PROBLEM TO WORK ON: Would you transcribe the listing that follows word for word, skipping pictures?

COLLECTED MATERIAL:

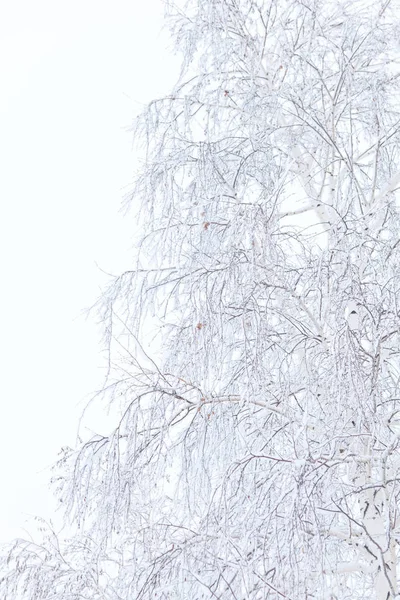 Branches Hiver Des Arbres Dans Givre Sur Fond Neige Ciel — Photo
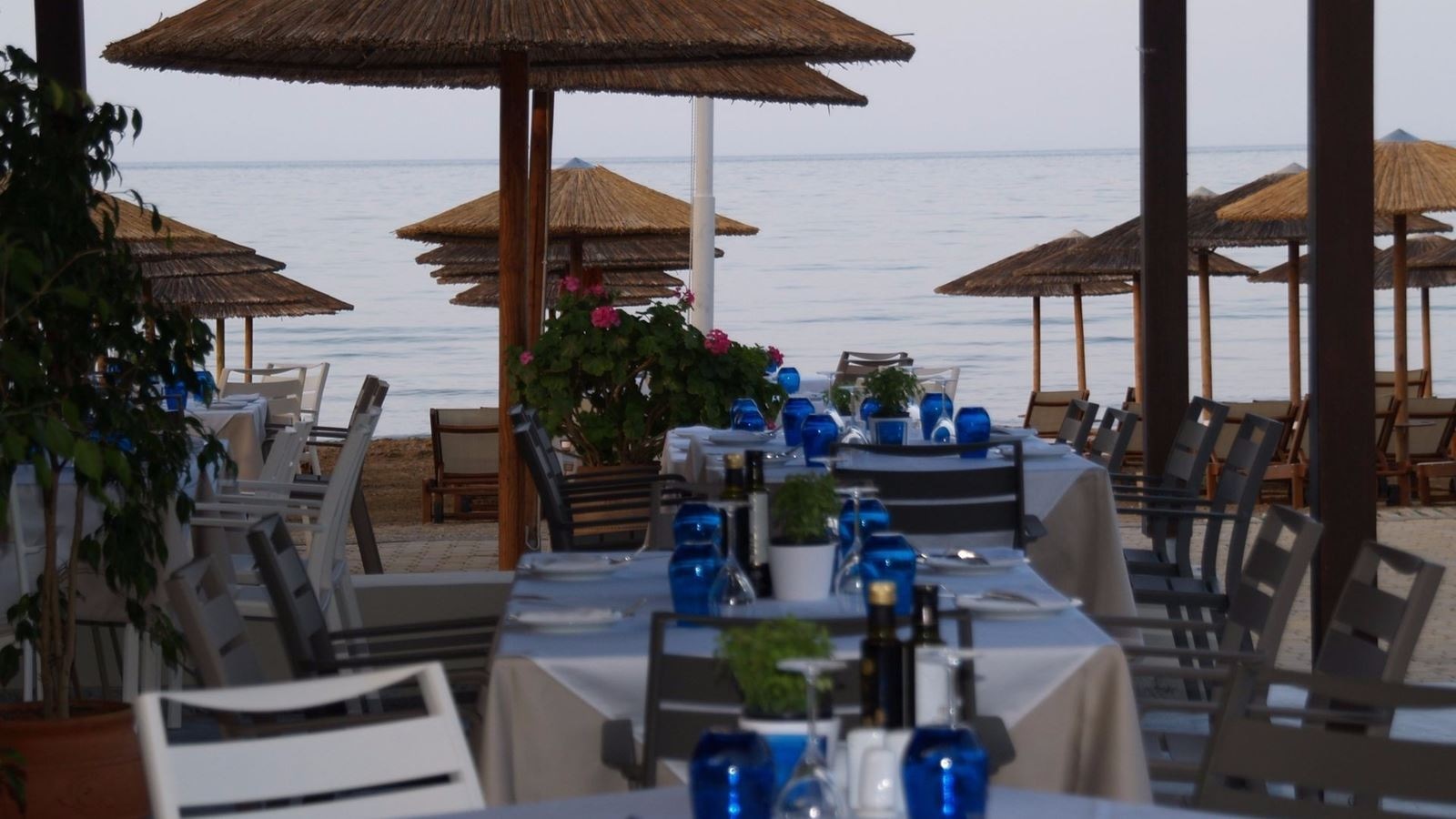 restaurants-wave-beach-restaurant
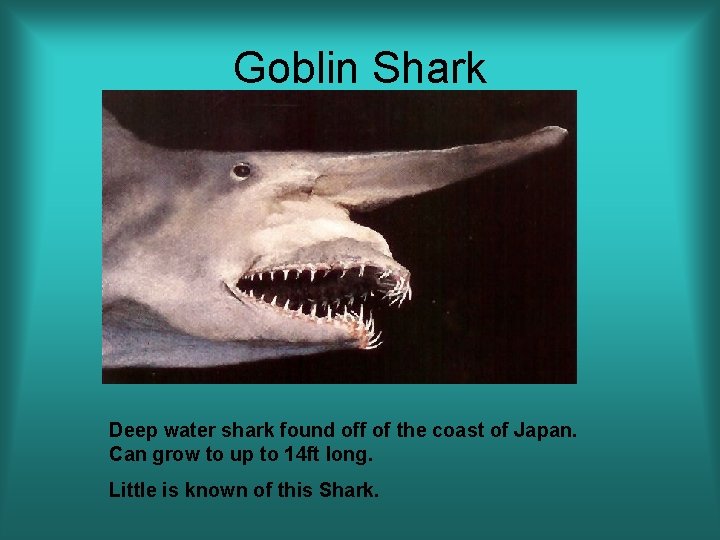 Goblin Shark Deep water shark found off of the coast of Japan. Can grow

EXPECTED ANSWER:
 Branches Hiver Des Arbres Dans Givre Sur Fond Neige Ciel — Photo
 restaurants-wave-beach-restaurant
 Goblin Shark Deep water shark found off of the coast of Japan. Can grow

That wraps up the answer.